Risk Control

Your phone chimed softly to let you know your insurance had been cancelled due to reckless driving. You swore.

Not at the notification, though, which you hadn't seen. You were too busy trying to control the car on the storm-drenched roads between your house and the ER you were racing to but would never reach.

Provenance

Bob began to have horrible visions every time he picked up his phone. It didn't occur to him to stop using it, so he got to know them very well.

In his visions he was a small kid mining for something in a hellish pit with small tools and never enough food. He died now and then,  and then he was another kid. His boyfriend told him he had probably read an article on how some of the rare minerals in the phone were mined and the visions were his guilt popping up. Neither of them really believed he could feel that much guilt about something like that.

He tried to go Old School and watch more TV. That worked for a while, until gradually the only thing on the screen would be rows of sleepless harried people putting together components of televisions until their bodies and minds broke apart. The night he saw the first of them commit suicide he decided to get therapy.

On the way to his first session he drove around a corner and could suddenly see through his car's windows people dying of heat shock under military-looking tents in camps that weren't there. He stopped the car and got out of it.

His apartment building had once been a factory, before there were laws about who could be paid or forced to do what. He was too far from his home to see what he would see when he came back; he didn't know he would ever again.

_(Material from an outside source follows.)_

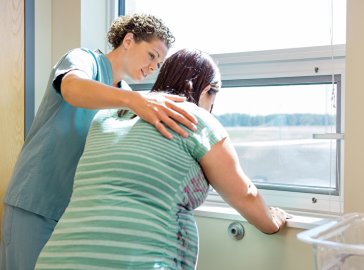 Photo of a pregnant woman and a nurse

He was also far from the waterfront, but he could see and feel the rising waters, angry, unclean, warm.

Bob took off his clothes as fast as he could and stood on the sidewalk  shivering in the warmth. He had seen the people making them chained to their tools. Not from their point of view.

He saw a cop looking at him, calling for reinforcements with his hand on his gun. He knew he would only have to take one step forward. The last.

He couldn't.

He sat on the ground and began to cry.  It made no difference to either the cops yelling at him while pointing their guns or to the floating corpses buoyant despite their chains.

Deep Space Travel Journal from New Jersey

July 10. Not sure where I took a wrong turn in the government network but my Federal Reserve hack has become a space probe data stream hack. You'd think that's much more boring, except that I can't find any mention of the probe from any of the space agencies. A secret space probe! I can always crash the market later.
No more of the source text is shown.